And that I wouldn't have a problem with, though I too hate talking on the phone.


----------



## Corporal (Jul 29, 2010)

With Grace said:


> Why wonder at it? Some women feel safer taking a man to an unknown situation with them. I have taken a girlfriend with me to look at furniture from a CL listing and the guy selling turned out to be super creepy and we both decided then and there we'd take our hubbys with us next time. It wasn't a "men are better than women and we can't function without them" comment. It was based on my own personal experience with CL.


 Okay, GIRLS, raise your hands--who has gone shopping for a CAR with any male along, and had the salesperson direct EVERY comment and question at the guy?!?!?!?


----------



## With Grace (Oct 20, 2011)

Corporal said:


> Okay, GIRLS, raise your hands--who has gone shopping for a CAR with any male along, and had the salesperson direct EVERY comment and question at the guy?!?!?!?
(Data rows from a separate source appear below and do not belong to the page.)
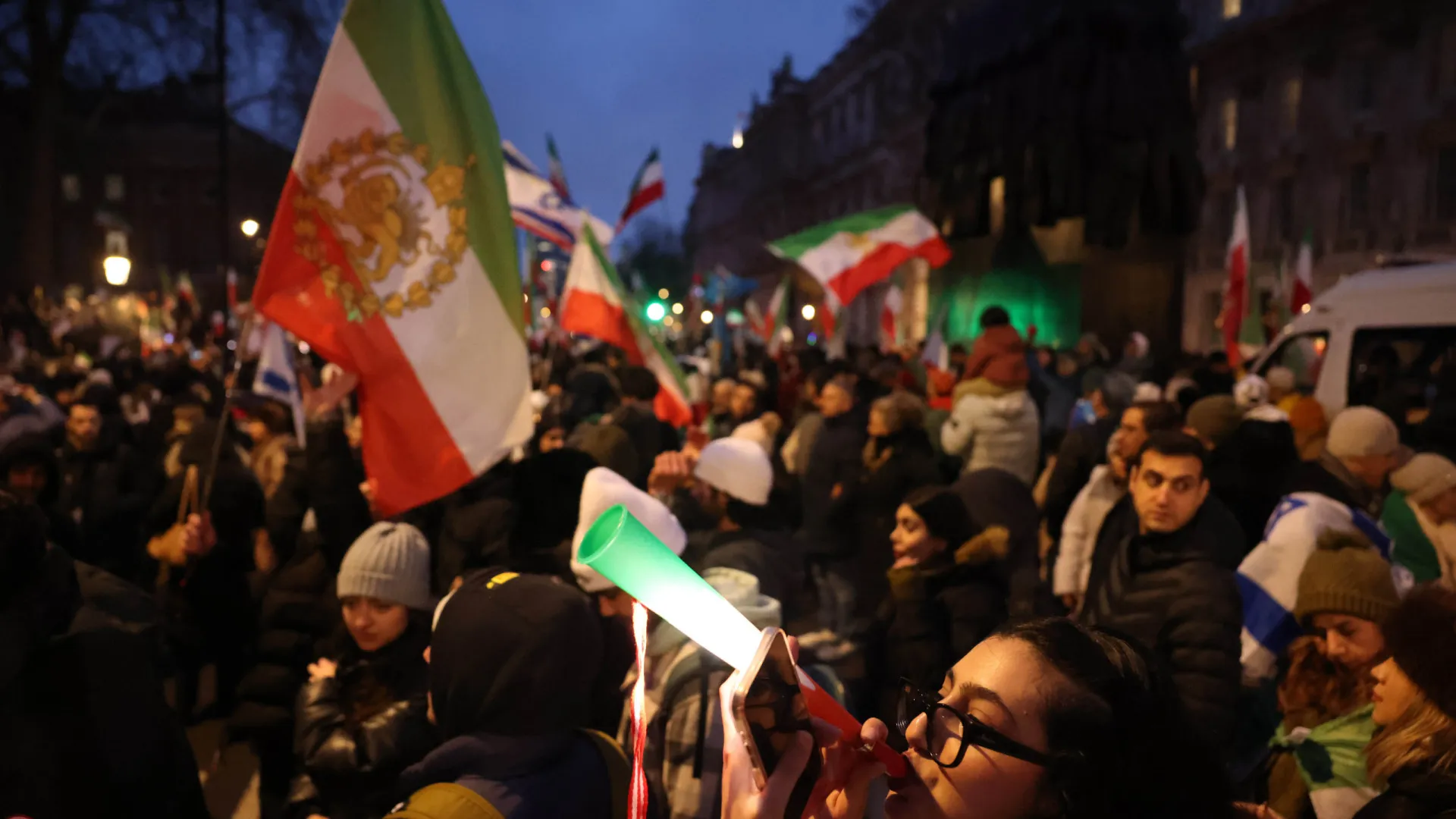 
                    Pelo menos 648 mortos em protestos antigovernamentais no Irão
                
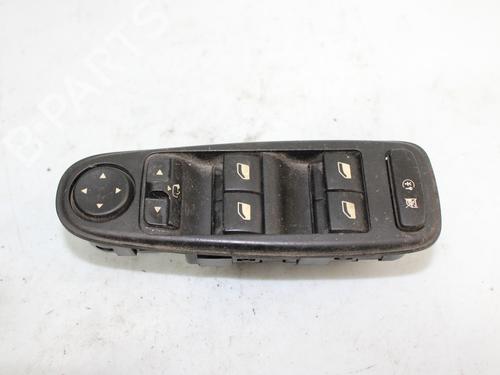Used Left front window switch CITROËN C4 Grand Picasso I (UA_) 1.6 HDi (109 hp) 17752306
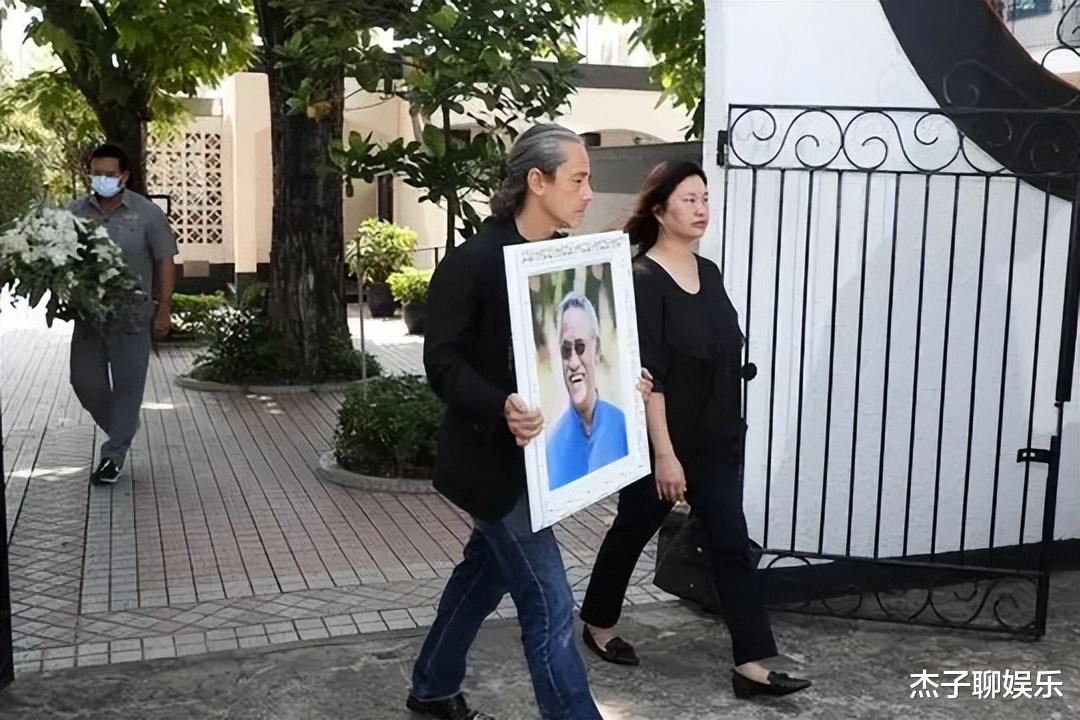 |吴耀汉一路走好!洪金宝情绪低落独坐灵堂,与李建华相比显落寞
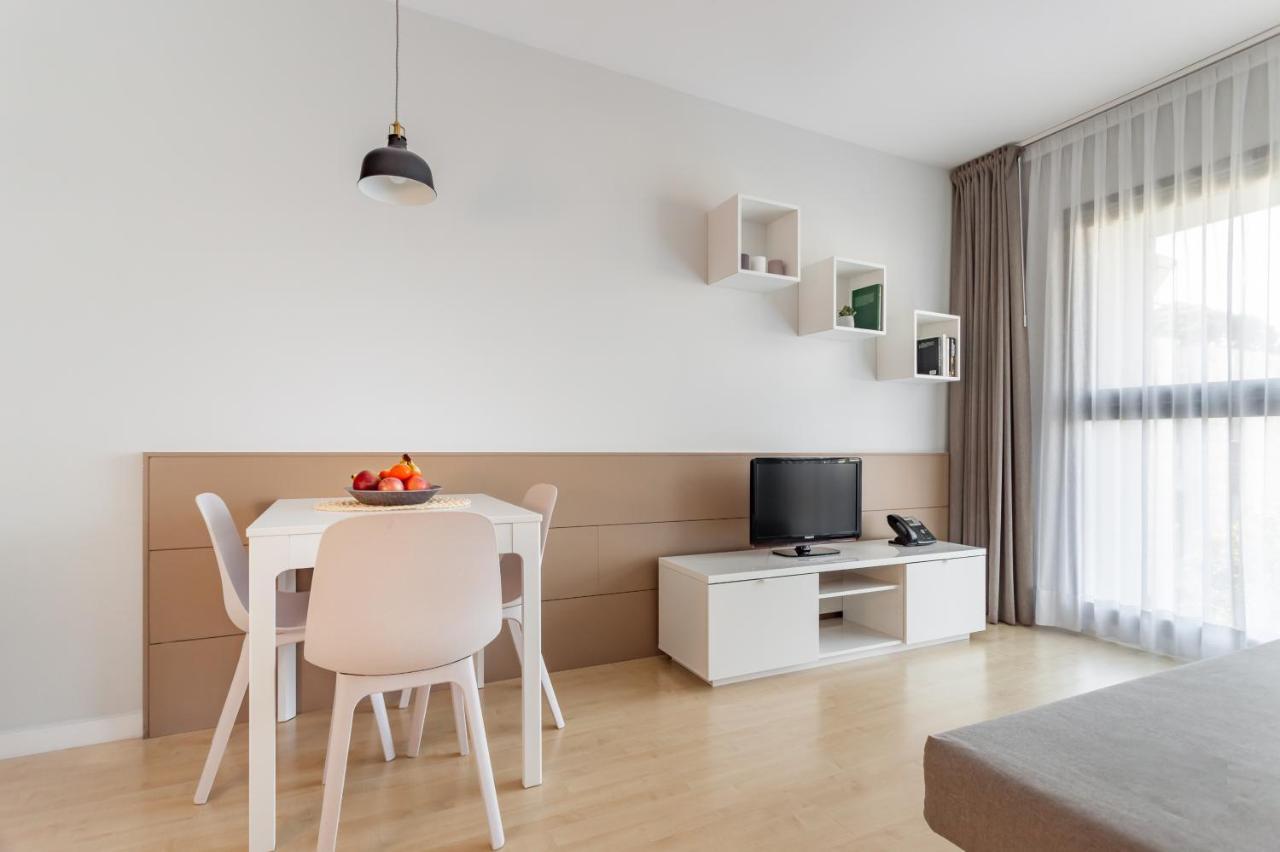 Apartamentos Royal Marina Gardens Castelldefels Luaran gambar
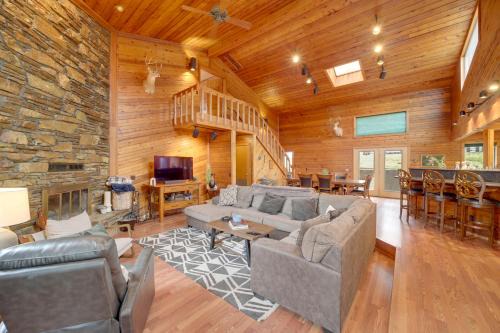 Longtown House | Lake Eufaula Cabin w/Dock at Nine Marina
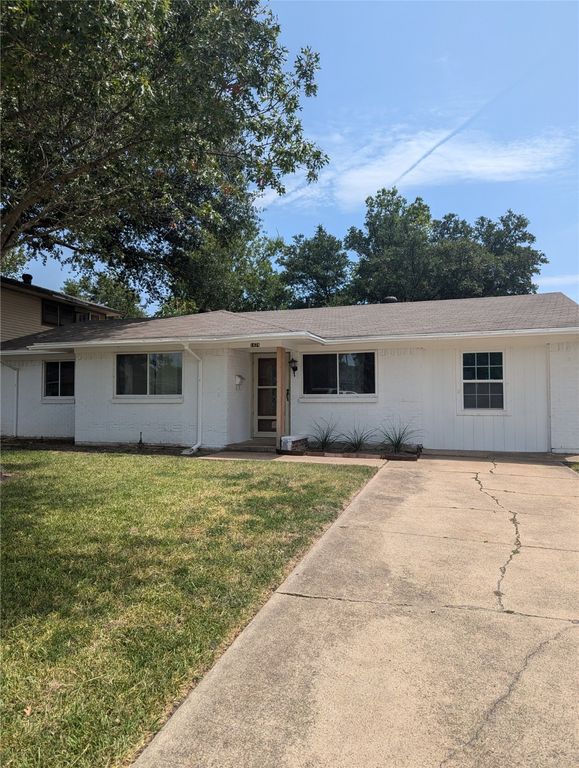 1424 ANDREW, Mesquite, TX 75149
Oh for sure, its the rule rather than the exception! I made the comment about bringing a guy as something to make her feel safer about shopping on CL. If she feels just as safe bringing a girlfriend, thats great!


----------



## COWCHICK77 (Jun 21, 2010)

CL can be annoying....I was just at the trailer dealership this morning. Thinking of trading in our horse trailer for a new stock trailer. Even the girl that does the sales says she refuses to put their used trailers up on CL because of all the weirdos and tire kickers...


----------



## rgrantbriner (Jan 17, 2012)

Thanks all for the good advice. I am going on Sunday with a friend to look at a privite sale from Craigs list. Owner is female so makes me feel a bit better but i am still apprehensive. Thanks again


----------



## Corporal (Jul 29, 2010)

Take your camera and post pictures on this thread, if you're not sure.


----------



## uii (Dec 26, 2011)

You could buy a used horse trailer for less that 1,200. Maybe look for other sites, or, maybe another horsey person is selling a trailer right down the street. You just never know.


----------